Imatinib mesylate inhibits the profibrogenic activity of TGF-β and prevents bleomycin-mediated lung fibrosis

Craig E. Daniels, Mark C. Wilkes, Maryanne Edens, Ted J. Kottom, Stephen J. Murphy, Andrew H. Limper, Edward B. Leof

Research output: Contribution to journalArticlepeer-review

477 Scopus citations

Abstract

Idiopathic pulmonary fibrosis is a progressive and fatal fibrotic disease of the lungs with unclear etiology. Prior efforts to treat idiopathic pulmonary fibrosis that focused on anti-inflammatory therapy have not proven to be effective. Recent insight suggests that the pathogenesis is mediated through foci of dysregulated fibroblasts driven by profibrotic cytokine signaling. TGF-β and PDGF are 2 of the most potent of these cytokines.
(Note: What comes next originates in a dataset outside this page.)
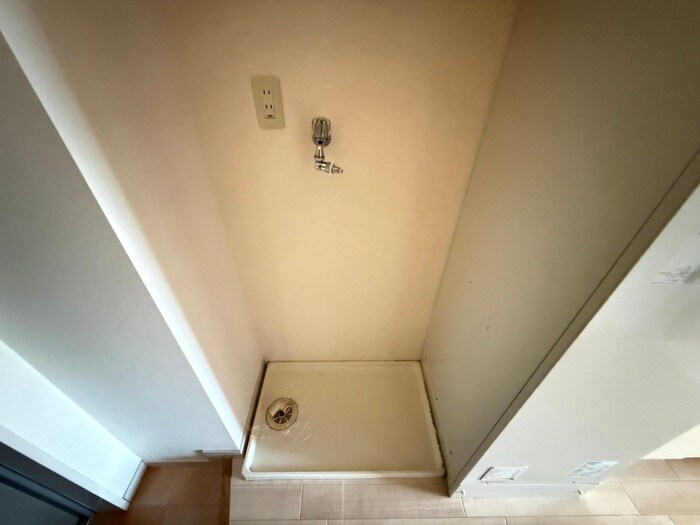 物件内観写真13　(洗濯機置場)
In the current study, we investigated the role of TGF-β-induced fibrosis mediated by activation of the Abelson (Abl) tyrosine kinase. Our data indicate that fibroblasts respond to TGF-β by stimulating c-Abl kinase activity independently of Smad2/3 phosphorylation or PDGFR activation. Moreover, inhibition of c-Abl by imatinib prevented TGF-β-induced ECM gene expression, morphologic transformation, and cell proliferation independently of any effect on Smad signaling. Further, using a mouse model of bleomycin-induced pulmonary fibrosis, we found a significant inhibition of lung fibrosis by imatinib. Thus, Abl family members represent common targets for the modulation of profibrotic cytokine signaling.

Original languageEnglish (US)
Pages (from-to)1308-1316
Number of pages9
JournalJournal of Clinical Investigation
Volume114
Issue number9
DOIs
StatePublished - Nov 2004

ASJC Scopus subject areas

  • Medicine(all)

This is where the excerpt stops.